M. Khadir: Bien, l'indignation de la population est très grande. Les gens s'apprêtent à aller manifester en grand nombre le 22, samedi, le 22 octobre devant le congrès du Parti libéral. C'est une mobilisation importante. J'invite tous les citoyens à relayer l'information puis à se tenir prêts. Moi, je souhaite que M. Charest fasse quelque chose avant. De toute façon, M. Charest doit savoir que les journalistes, que les partis d'opposition font leur travail, en attendant. Plus il attend, plus on va étaler sur la place publique toutes les observations qui nous portent à croire que malheureusement le Parti libéral est sous influence, que même le cabinet du premier ministre ne jouit pas d'une totale indépendance, si on l'entend dans le sens que disait M. Duchesneau, c'est-à-dire des gens influents qui organisent, qui financent sa campagne, son parti, qui font en sorte qu'il ne peut pas agir en toute indépendance.

M. Dougherty (Kevin): Lorsque M. Duchesneau a parlé de la possibilité que l'Assemblée nomme un commissaire et donne un mandat, est-ce que, ça, c'est une possibilité?

M. Khadir: C'est exactement la possibilité qu'on est en train d'évaluer avec des experts pour voir les mécanismes qui font en sorte que ça puisse se faire rapidement.

M. Dougherty (Kevin): Et aussi, M. Dutil, ce matin, a parlé d'un consensus avec l'opposition.
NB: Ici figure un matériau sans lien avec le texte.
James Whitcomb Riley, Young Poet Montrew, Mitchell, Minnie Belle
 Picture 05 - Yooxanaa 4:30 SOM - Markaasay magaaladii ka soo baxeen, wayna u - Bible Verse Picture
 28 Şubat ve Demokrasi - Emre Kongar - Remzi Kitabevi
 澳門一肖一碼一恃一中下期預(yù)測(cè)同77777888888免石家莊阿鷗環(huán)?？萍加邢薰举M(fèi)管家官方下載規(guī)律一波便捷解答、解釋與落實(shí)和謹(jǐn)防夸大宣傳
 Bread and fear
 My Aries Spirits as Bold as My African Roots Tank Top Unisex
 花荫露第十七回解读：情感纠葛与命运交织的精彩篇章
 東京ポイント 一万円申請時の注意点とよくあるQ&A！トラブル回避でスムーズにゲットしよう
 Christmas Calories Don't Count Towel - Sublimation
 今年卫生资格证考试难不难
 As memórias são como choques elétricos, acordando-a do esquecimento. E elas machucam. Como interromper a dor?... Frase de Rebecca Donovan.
Un consensus, ça veut dire vous avez votre mot à dire, mais eux aussi, ils ont leur mot à dire.

M. Khadir: M. Dutil ne nous a pas encore consultés.

M. Dougherty (Kevin): Non?

M. Khadir: Non. S'il le cherche, tant mieux, mais on indiquera: Voici les positions que nous souhaitons, puis la semaine prochaine, on va venir avec des propositions plus concrètes sur nos propositions. Mais ce qui est certain, il faut que cette commission puisse mettre fin à l'impunité politique, c'est-à-dire qu'il ne faut pas que la commission soit là juste pour protéger les politiques et donner quelques, je dirais, victimes pour... enfin, quelques responsables à la vindicte populaire, des boucs émissaires. Merci beaucoup.